A User-Centered Investigation of Personal Music Tours

1. Problem Definition

How to best present music to listeners and how can this be achieved automatically with algorithms? Playlists are the most commonly used way in many streaming platforms and can be generated automatically. Can the interestingness of the played music to the listener be improved by automatically generated tours, which contain side or background information of the songs? If so, what are the attributes of the tours? Which of these attributes of the tours are good/bad? Which algorithm recommends better tours, and why? How valuable is the concept of tours in general? What are possible improvements to tours?

2. Motivation

When listening to music, people are often interested in a smooth and harmonious sequence of songs which suits their taste. Additionally, many also want to explore new music. Several platforms as Spotify, Apple Music or YouTube offer the benefit of arranging music automatically, even with regard to personal preferences and many people seem to enjoy these services, which require almost no effort from the user. One problem in this field is how to present the music to the user in the most interesting way. The most common approach is to use playlists, which can take information about the artists, genres or topics into account. Yet, there exist other ways than playlists. A radio show for example often interrupts the continuous play of music for side information or other entertainments. By doing so, the experience for the listener gets more interactive than just listening to the music.

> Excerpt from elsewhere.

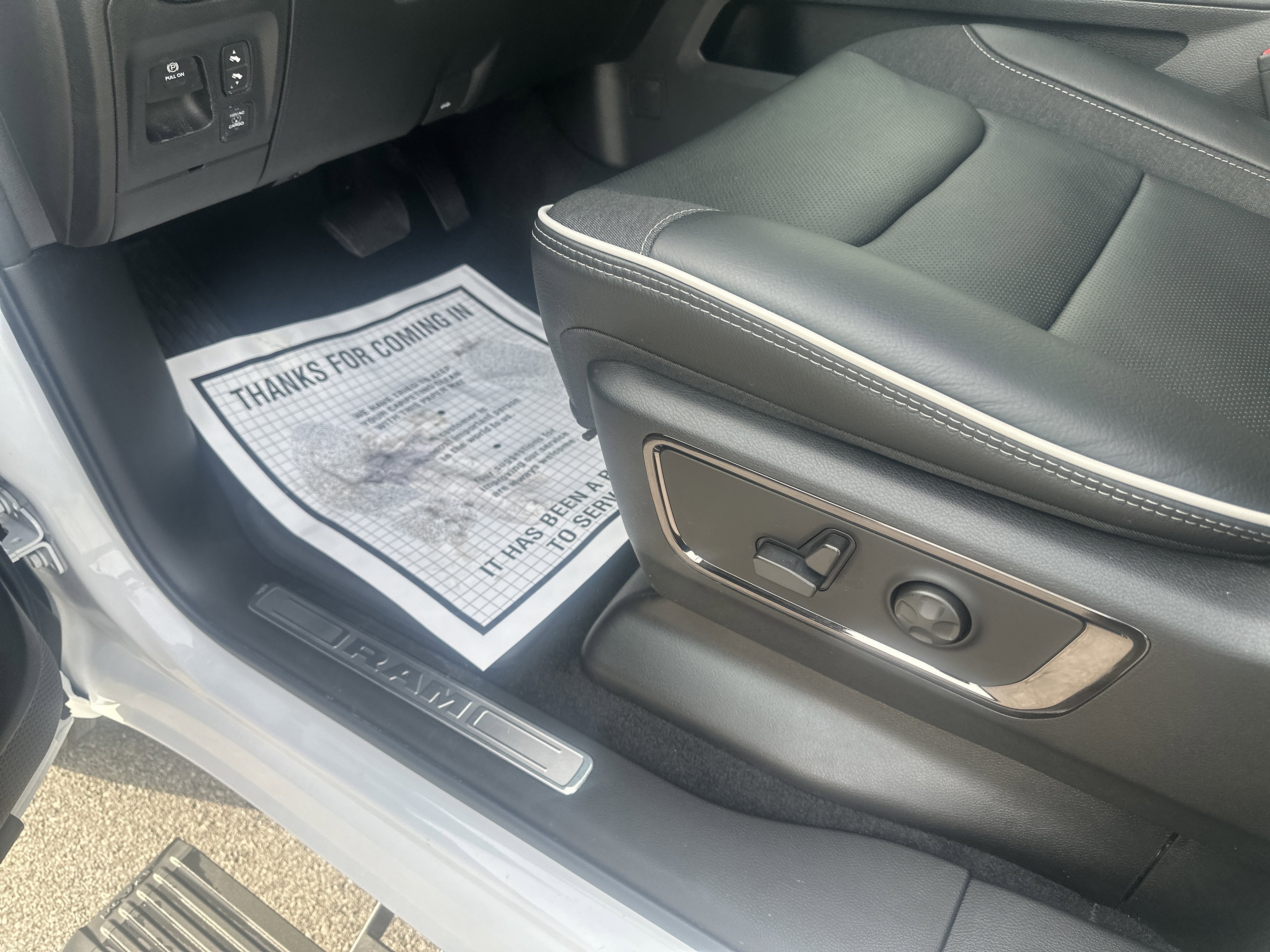 2026 RAM Ram 1500 RAM 1500 LIMITED CREW CAB 4X4 5'7' BOX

Another alternative are tours, where songs alternate with segues. A segue is a spoken informative sentence about the realtionship between the previous and the upcoming song. By this, previously unrelated songs can be linked for the user, generating a more interesting experience. A playlist, in contrast, can hence be seen as a plain ordered list of songs. In some contexts, tours are found to be superior to playlist. The following figure compares the scheme of playlists with tours:

The authors propose two algorithms to generate music tours, which aim to maximize the interestingness of the generated tours. They evaluate their results by interviewing participants of their study after their experience to answer the following research questions:

  • RQ1: What are the attributes of the tours?
  • RQ2: What attributes of tours are good/bad?
  • RQ3: Which algorithm recommends better tours, and why?
  • RQ4: How valuable is the concept of tours in general?
  • RQ5: What are possible improvements to tours?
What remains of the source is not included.